Около них резвился жеребенок, и непонятно было, чей он…
Все хорошо было в этот солнечный, теплый день, когда ушла за лес отгремевшая туча, промочив землю, когда распускались ивы и нежнела в бурой земле молодая трава. И чувствовал себя Барабанов счастливым человеком.
Сам не понимая своей радости, засмеялся он беззвучно, когда увидел, как жеребенок потянулся мордой к одной из лошадей, к той, которая покостистее как будто была и не такая гладкая, как другая.
«Она и есть ему мать», — подумал он счастливо и, разморенный полуденным солнцем, заснул с блаженной улыбкой на небритых щеках.

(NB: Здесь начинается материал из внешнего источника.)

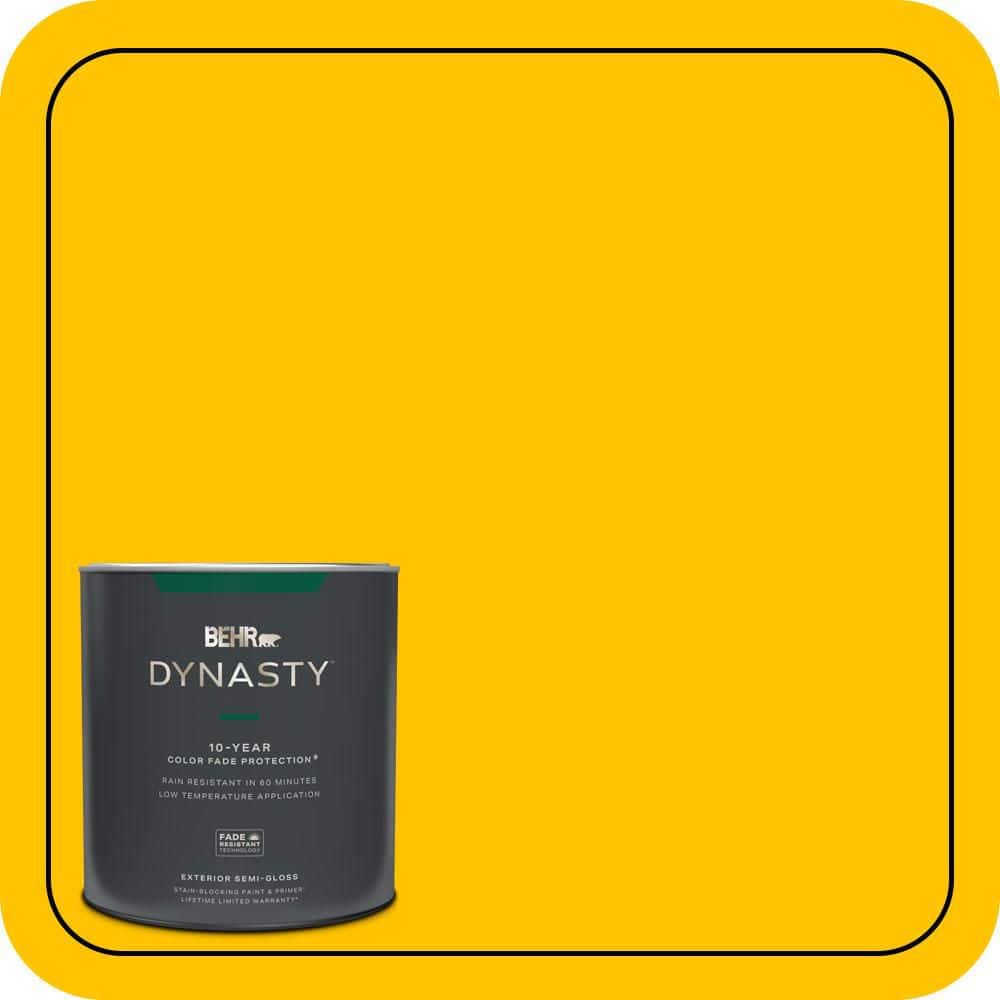 BEHR DYNASTY 1 qt. #S-G-370 Citrus Splash Semi-Gloss Exterior Stain-Blocking Paint & Primer
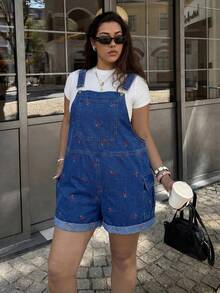 Dripcurv Große Größen Kirsch-bestickte Denim-Latzhose - Blau - Übersicht 6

В этот день он рано вернулся домой и, когда отворил тяжелую дверь, ощутил вдруг всем своим нутром, зрением, обонянием, слухом своим, кожей, как летучая мышь, и лишь потом осознал восторженно, что в доме сестра. И когда с перехваченным дыханием, откашливаясь, закрывал за собой дверь, только тогда отчетливо увидел ее в доме и, взволнованный, пошел к ней, гремя стульями, которые попадались на пути, и путь этот казался ему бесконечным.
А она, большая и широкоплечая, в синем каком-то старческом платье, увидев его, села обессиленная на краешек лавки и заплакала.
Она жалобно сказала:
— Мить…
И еще раз протяжно, как лосиха своему детенышу:
— Ми-и-ить…
— Ну что ты!.. — сказал он. — Ну что ты!..
Он что-то ласково и утешительно говорил ей тихим голосом, не скрываясь в чувствах, и, боясь дотронуться до нее, стоял над ней, опираясь на свой прогнувшийся костыль. Он ощущал на лбу и на верхней губе тягучие капли пота, готовые поползти книзу по лицу. Голос его звучал нежно и просяще. Но наступило какое-то мгновение, когда он услышал вдруг свой незнакомый гулькающий голос. Тогда он, присев на лавку, сказал спокойнее:
— Давно пора.
Она ему ни слова не сказала ни раньше, когда он утешал ее, ни теперь, после этих слов, но он и без слов сразу все понял, как только увидел ее, понял по жалобному плачу и по той гримасе, которая изуродовала ее без того некрасивое, скуластое лицо, что она ушла от мужа.